- DESCRIPTION OF THE TASK
Go to the line containing "3 кім з АВТОНОМКОЮ" in the records below and print it and every following line exactly, on through the line containing "3.5 Inch Lift", then stop.

- GIVEN RECORDS

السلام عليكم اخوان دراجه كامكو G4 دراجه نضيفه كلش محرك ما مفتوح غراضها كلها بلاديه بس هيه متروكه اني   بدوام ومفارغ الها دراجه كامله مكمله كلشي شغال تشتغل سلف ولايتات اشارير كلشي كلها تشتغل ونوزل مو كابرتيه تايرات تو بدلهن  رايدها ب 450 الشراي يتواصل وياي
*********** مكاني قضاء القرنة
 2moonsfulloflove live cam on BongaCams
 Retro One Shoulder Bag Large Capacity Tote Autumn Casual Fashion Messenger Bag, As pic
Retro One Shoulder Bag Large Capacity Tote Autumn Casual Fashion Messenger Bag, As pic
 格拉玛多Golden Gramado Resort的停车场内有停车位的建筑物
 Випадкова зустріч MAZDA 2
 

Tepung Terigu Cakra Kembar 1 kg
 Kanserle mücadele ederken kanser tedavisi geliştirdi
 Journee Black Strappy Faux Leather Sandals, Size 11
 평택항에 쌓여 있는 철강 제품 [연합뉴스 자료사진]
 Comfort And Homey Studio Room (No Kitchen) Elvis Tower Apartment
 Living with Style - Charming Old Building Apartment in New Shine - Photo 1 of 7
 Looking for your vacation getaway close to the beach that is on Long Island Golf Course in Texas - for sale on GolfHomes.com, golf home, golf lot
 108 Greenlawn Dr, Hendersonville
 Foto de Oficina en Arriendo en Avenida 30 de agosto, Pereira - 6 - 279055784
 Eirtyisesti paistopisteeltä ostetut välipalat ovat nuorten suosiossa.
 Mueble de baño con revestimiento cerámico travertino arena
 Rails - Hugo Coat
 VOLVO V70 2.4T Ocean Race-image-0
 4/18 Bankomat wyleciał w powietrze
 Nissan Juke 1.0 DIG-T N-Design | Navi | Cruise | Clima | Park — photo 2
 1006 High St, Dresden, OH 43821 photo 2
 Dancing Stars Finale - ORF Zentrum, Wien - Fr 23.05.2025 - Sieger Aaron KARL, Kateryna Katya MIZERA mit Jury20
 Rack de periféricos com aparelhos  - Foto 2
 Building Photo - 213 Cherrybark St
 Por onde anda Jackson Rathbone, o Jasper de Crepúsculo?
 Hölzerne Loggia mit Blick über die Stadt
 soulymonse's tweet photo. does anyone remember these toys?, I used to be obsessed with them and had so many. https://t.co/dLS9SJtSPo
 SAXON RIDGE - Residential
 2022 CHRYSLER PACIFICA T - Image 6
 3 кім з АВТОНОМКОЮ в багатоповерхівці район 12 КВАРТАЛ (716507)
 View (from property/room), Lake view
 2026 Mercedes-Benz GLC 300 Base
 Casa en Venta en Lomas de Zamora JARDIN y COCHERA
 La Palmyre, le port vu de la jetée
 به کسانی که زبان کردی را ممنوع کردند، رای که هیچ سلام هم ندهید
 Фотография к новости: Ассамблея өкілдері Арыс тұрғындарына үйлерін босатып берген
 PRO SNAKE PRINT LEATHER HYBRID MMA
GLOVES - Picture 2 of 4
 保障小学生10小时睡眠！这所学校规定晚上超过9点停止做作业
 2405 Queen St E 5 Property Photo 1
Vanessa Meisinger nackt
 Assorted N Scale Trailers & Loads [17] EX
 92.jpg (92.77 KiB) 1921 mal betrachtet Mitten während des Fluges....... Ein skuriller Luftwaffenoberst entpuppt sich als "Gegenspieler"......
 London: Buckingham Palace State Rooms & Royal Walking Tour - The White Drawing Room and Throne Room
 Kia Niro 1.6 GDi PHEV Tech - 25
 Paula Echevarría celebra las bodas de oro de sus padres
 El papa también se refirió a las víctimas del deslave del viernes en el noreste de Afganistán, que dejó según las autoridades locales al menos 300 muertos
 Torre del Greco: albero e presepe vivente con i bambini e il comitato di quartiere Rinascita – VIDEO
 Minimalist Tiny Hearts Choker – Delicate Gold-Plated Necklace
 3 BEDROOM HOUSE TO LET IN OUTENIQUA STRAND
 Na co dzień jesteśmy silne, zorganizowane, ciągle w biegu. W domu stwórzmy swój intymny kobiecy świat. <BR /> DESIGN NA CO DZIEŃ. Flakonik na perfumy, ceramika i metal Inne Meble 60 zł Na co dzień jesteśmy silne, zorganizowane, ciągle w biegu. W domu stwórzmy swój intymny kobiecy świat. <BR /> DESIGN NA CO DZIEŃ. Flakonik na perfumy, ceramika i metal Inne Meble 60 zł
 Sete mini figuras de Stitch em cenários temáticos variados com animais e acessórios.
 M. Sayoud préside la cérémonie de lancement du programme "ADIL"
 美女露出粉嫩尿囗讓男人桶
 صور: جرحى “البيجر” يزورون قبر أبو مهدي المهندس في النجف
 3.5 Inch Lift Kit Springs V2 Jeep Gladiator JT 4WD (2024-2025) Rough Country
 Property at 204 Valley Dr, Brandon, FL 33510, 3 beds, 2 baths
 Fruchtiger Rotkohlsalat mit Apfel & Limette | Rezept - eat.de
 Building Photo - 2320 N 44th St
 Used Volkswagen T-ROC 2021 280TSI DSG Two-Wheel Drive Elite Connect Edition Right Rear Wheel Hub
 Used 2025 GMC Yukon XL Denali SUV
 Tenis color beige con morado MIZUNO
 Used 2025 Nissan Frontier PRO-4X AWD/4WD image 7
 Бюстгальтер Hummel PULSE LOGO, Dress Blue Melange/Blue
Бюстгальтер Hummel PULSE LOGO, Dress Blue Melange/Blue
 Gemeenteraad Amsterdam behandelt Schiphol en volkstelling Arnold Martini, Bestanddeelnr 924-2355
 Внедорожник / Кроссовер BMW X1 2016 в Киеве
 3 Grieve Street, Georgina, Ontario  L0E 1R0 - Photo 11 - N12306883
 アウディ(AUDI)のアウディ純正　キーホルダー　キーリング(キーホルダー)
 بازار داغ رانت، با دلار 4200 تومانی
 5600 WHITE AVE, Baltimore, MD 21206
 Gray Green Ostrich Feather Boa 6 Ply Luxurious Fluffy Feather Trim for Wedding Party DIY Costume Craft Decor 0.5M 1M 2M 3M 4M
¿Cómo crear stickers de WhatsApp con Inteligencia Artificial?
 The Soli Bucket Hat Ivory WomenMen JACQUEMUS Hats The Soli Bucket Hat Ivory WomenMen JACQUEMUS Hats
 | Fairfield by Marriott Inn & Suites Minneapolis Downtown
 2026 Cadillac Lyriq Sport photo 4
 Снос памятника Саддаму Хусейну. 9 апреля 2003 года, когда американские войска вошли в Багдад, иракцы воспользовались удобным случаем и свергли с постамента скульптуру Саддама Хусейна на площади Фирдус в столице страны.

- SOLUTION TO THIS TASK
 3 кім з АВТОНОМКОЮ в багатоповерхівці район 12 КВАРТАЛ (716507)
 View (from property/room), Lake view
 2026 Mercedes-Benz GLC 300 Base
 Casa en Venta en Lomas de Zamora JARDIN y COCHERA
 La Palmyre, le port vu de la jetée
 به کسانی که زبان کردی را ممنوع کردند، رای که هیچ سلام هم ندهید
 Фотография к новости: Ассамблея өкілдері Арыс тұрғындарына үйлерін босатып берген
 PRO SNAKE PRINT LEATHER HYBRID MMA
GLOVES - Picture 2 of 4
 保障小学生10小时睡眠！这所学校规定晚上超过9点停止做作业
 2405 Queen St E 5 Property Photo 1
Vanessa Meisinger nackt
 Assorted N Scale Trailers & Loads [17] EX
 92.jpg (92.77 KiB) 1921 mal betrachtet Mitten während des Fluges....... Ein skuriller Luftwaffenoberst entpuppt sich als "Gegenspieler"......
 London: Buckingham Palace State Rooms & Royal Walking Tour - The White Drawing Room and Throne Room
 Kia Niro 1.6 GDi PHEV Tech - 25
 Paula Echevarría celebra las bodas de oro de sus padres
 El papa también se refirió a las víctimas del deslave del viernes en el noreste de Afganistán, que dejó según las autoridades locales al menos 300 muertos
 Torre del Greco: albero e presepe vivente con i bambini e il comitato di quartiere Rinascita – VIDEO
 Minimalist Tiny Hearts Choker – Delicate Gold-Plated Necklace
 3 BEDROOM HOUSE TO LET IN OUTENIQUA STRAND
 Na co dzień jesteśmy silne, zorganizowane, ciągle w biegu. W domu stwórzmy swój intymny kobiecy świat. <BR /> DESIGN NA CO DZIEŃ. Flakonik na perfumy, ceramika i metal Inne Meble 60 zł Na co dzień jesteśmy silne, zorganizowane, ciągle w biegu. W domu stwórzmy swój intymny kobiecy świat. <BR /> DESIGN NA CO DZIEŃ. Flakonik na perfumy, ceramika i metal Inne Meble 60 zł
 Sete mini figuras de Stitch em cenários temáticos variados com animais e acessórios.
 M. Sayoud préside la cérémonie de lancement du programme "ADIL"
 美女露出粉嫩尿囗讓男人桶
 صور: جرحى “البيجر” يزورون قبر أبو مهدي المهندس في النجف
 3.5 Inch Lift Kit Springs V2 Jeep Gladiator JT 4WD (2024-2025) Rough Country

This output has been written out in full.